The Chinese Stock Market’s Greatest Surge since 2015
Thaddius Gamueda
Staff Writer
Over the past week, the Chinese Stock market has seen its greatest surge since 2015 and is in a bull market scenario. This surge has seen a 16% increase in the CSI 300 Index (the 300 most traded stocks on the Shanghai Exchange), and in total, the Shanghai and Shenzhen markets are trading at a total market cap of 2.59 trillion Wan amount ($368.78 Billion). Consequently, Goldman Sachs issued a new rating stating the Chinese surge is expected to culminate in a 20% upside. There is now a bullish sentiment around China’s market this week, but the one thing on everyone’s minds is, will this surge last?
What Led to this Surge?
The real estate market in China is responsible for a fifth of China’s economy. In China, the population is 1.4 billion people and there are 80 million homes up for sale. Although there is enormous supply of homes, the demand for these homes is at an all-time low and has hindered China’s economy in recent years. China’s economy has struggled because of this, but a new stimulus package proposed by the Chinese government hopes to rewrite this grim outlook. The People’s Bank of China governor, Pan Gongsheng, spoke to the public and stated that interest rates would be cut. The bank also announced plans to refinance existing mortgages starting November 1st. The stimulus package aims to lift the economic growth to their target of 5%. Although this target is seen as unlikely to be met, a third of China’s GDP is in its real estate and these changes create a positive feeling about the economy and its future. This package has led to three major cities: Shanghai, Guangzhou and Shenzhen, reported to loosen their homebuying restrictions. Some changes include decreased taxes on property and decreased downpayments on properties. The combined efforts have led to an economic surge that has seen a shift in the global economy as well.

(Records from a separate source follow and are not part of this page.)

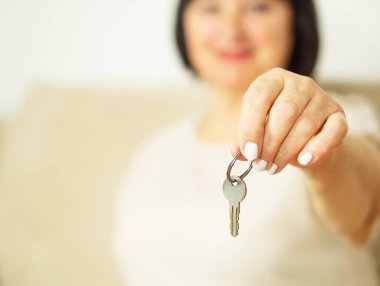 Çekici, orta yaşlı bir kadının elinde yeni evinin anahtarını tutarken. İnsanlar, gayrimenkul ve mülk kavramı. 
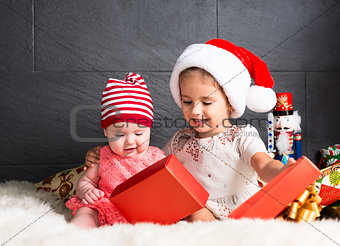 Cute kids on rug opening a Christmas present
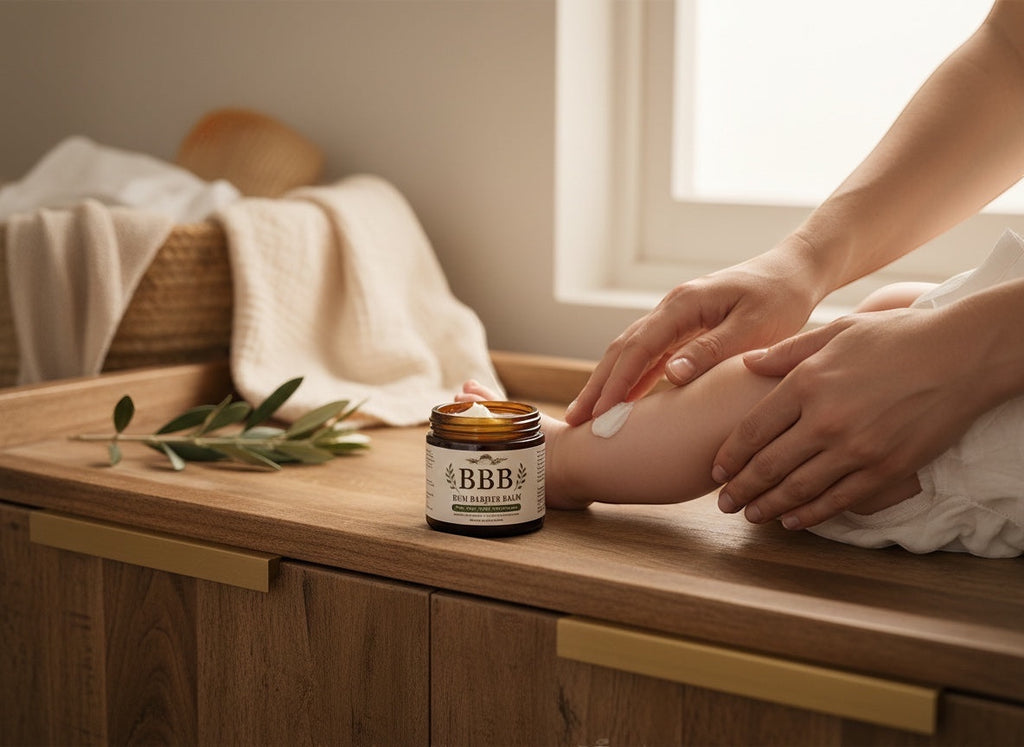 The Beef Bus Bum Barrier Balm in an amber jar being applied to a baby's leg on a wooden changing table.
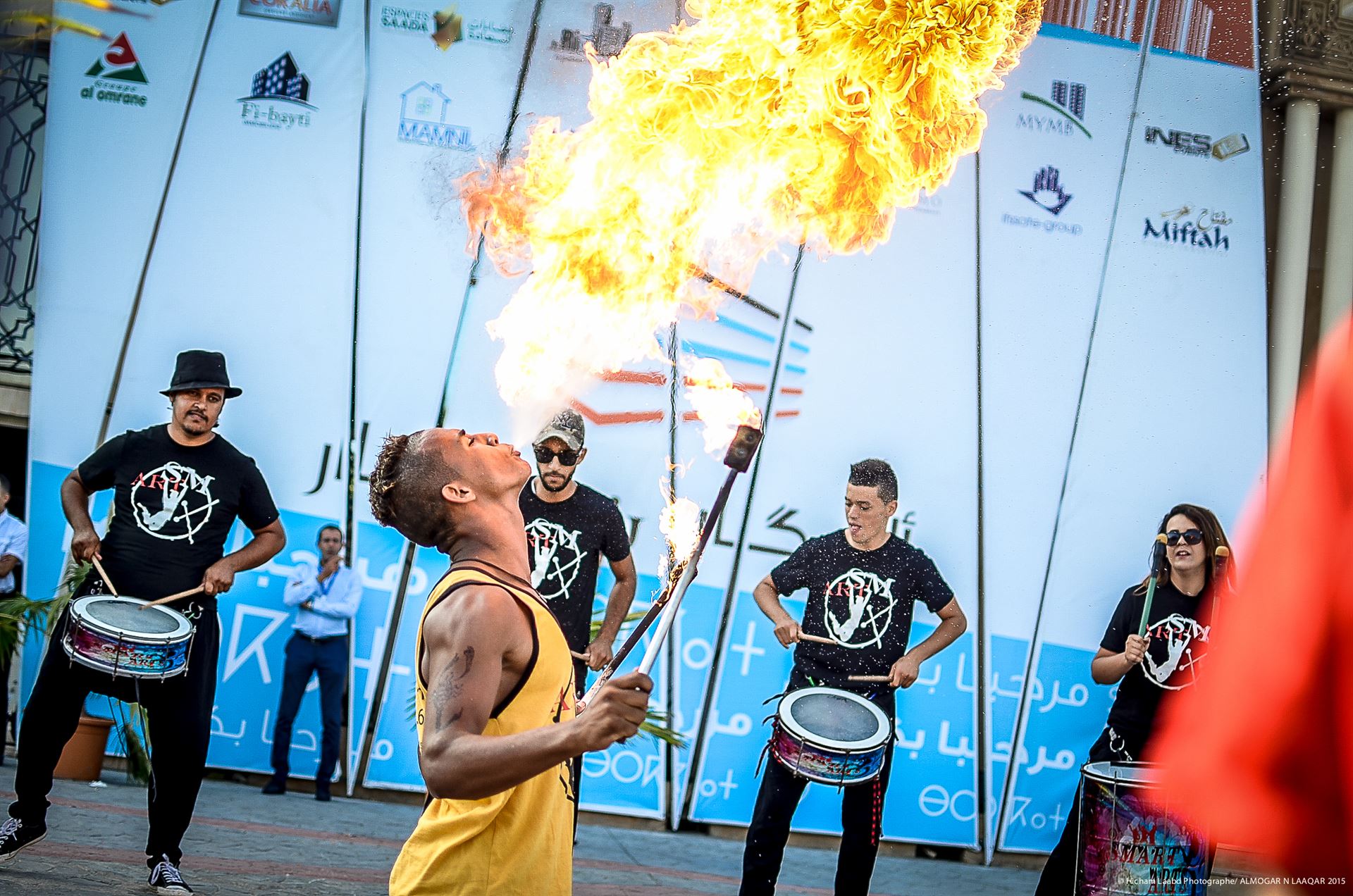 Cracheur de feu entouré de percussionnistes lors du Salon Almogar N'Laaqar à Agadir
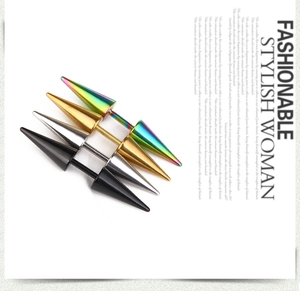 Macro shot of punk style stainless steel double-sided spike earrings in four metallic colors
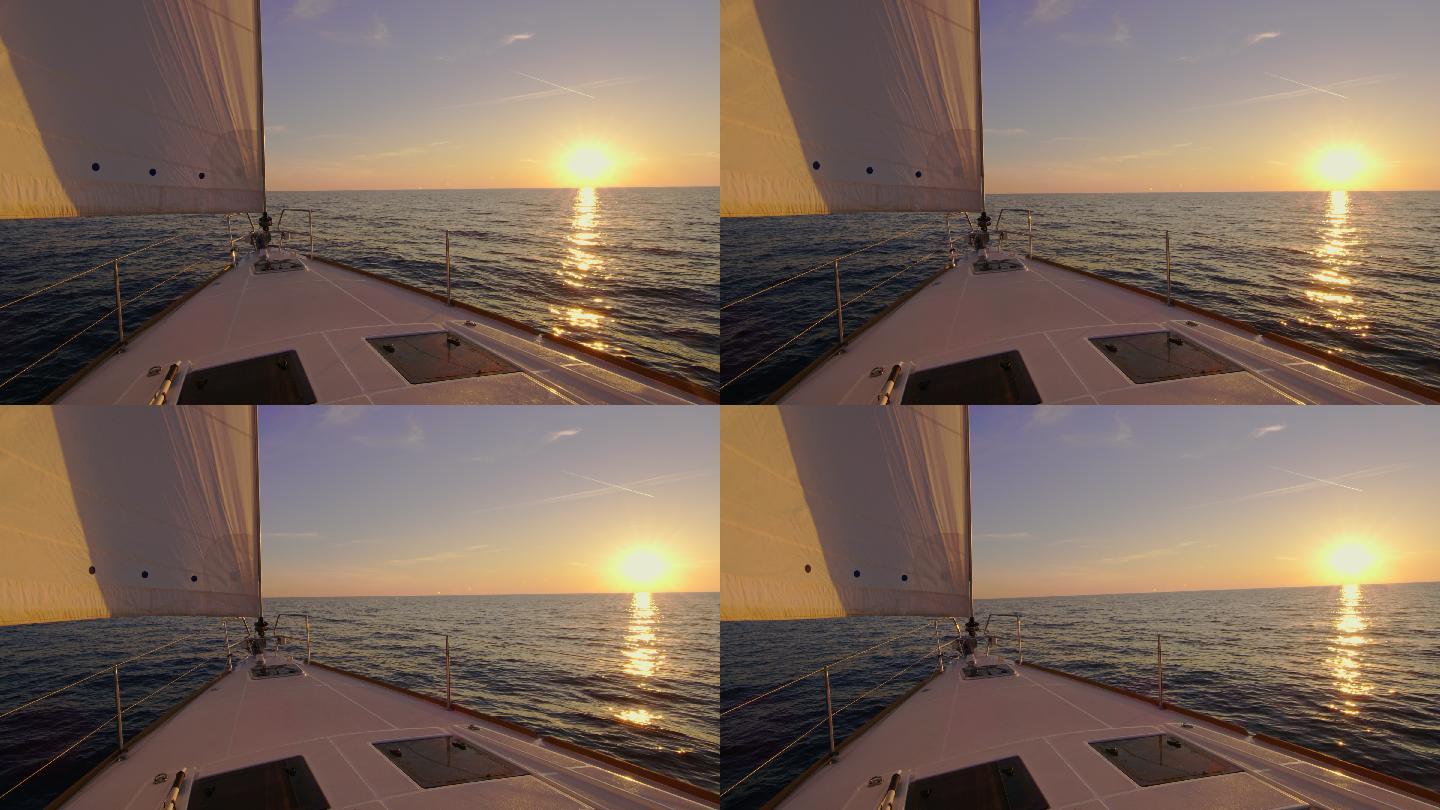 夕阳下的帆船轮船帆船邮轮出海夏天海南大海
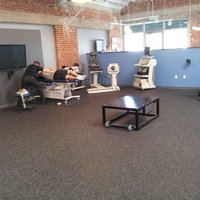 Force plate in teh middle of the room for back to sport evaluations and feedback training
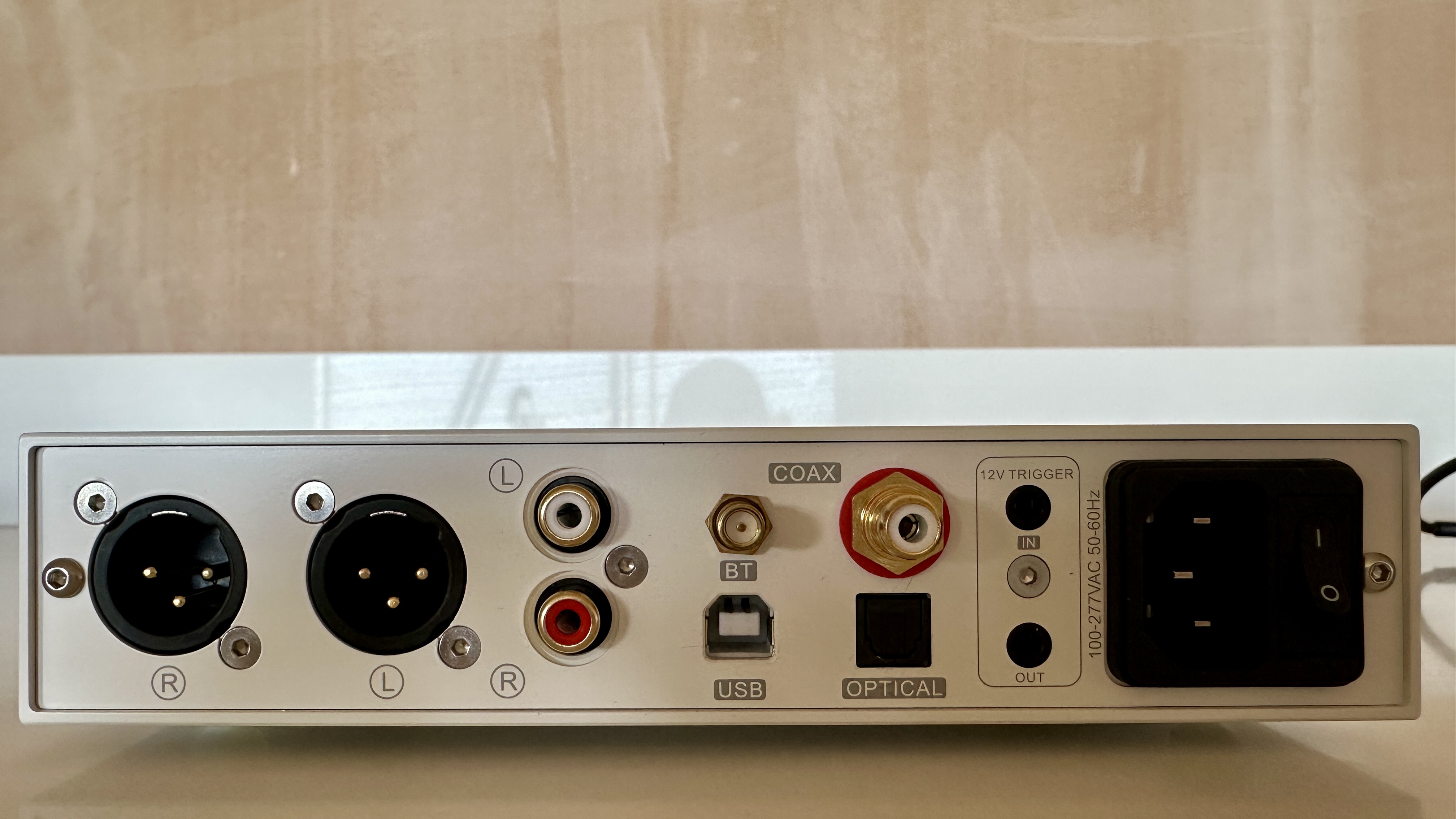 The Topping DX5 II on a light-wood table, showing the VU meter, ports and just-seen remote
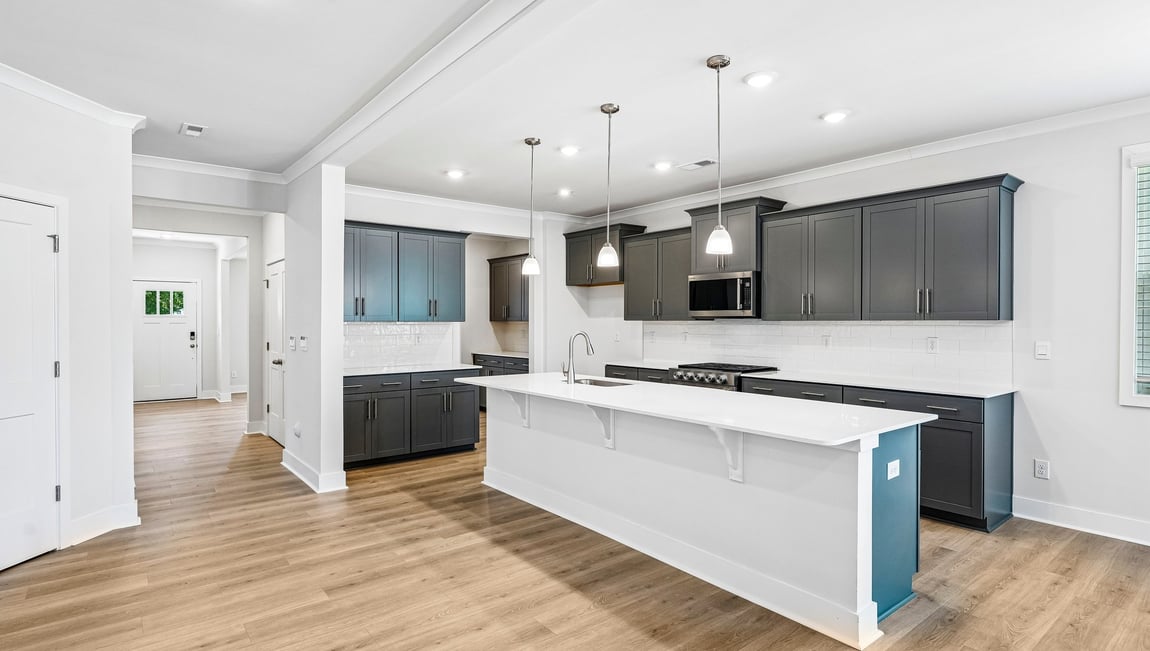 Kitchen and island with stainless steel appliances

How has the Surge Affected the U.S. Stock Market?
Hedge funds that have large stake in the Chinese economy saw 25% returns on investments in September alone. Many hedge funds that were shorting Chinese Stocks lost out on a monumental boom. Global hedge funds have begun to flock over to Chinese stocks because of the recent surge. Goldman Sachs is joining the camp of optimists on the Chinese market, raising their forecasts to a 15-20% growth. Because of this newfound confidence in the Chinese Market, Goldman Sachs Group Inc’s hedge fund clients made their largest weekly net of buying Chinese equities since 2016. All the buzz because of the surge has led to U.S. equities to be sold off quickly in the past week and led to dropping prices on them. But does this mean that you should sell off all your U.S. assets in favor of this expanding foreign market?
Should Investors Start Investing in the Chinese Market?
The Chinese stock market is seeing unprecedented growth as of now, but these investments should be seen more as short-term investments because of the volatility and history of the Chinese economy. Many Chinese ETF’s have returned at least 16% and up to 37% in the last week. Chinese ETF’s have seen an inflow of $2.4 billion in the last three trading sessions, which is a stark contrast from the rest of the year where there was a $2.7 billion outflow.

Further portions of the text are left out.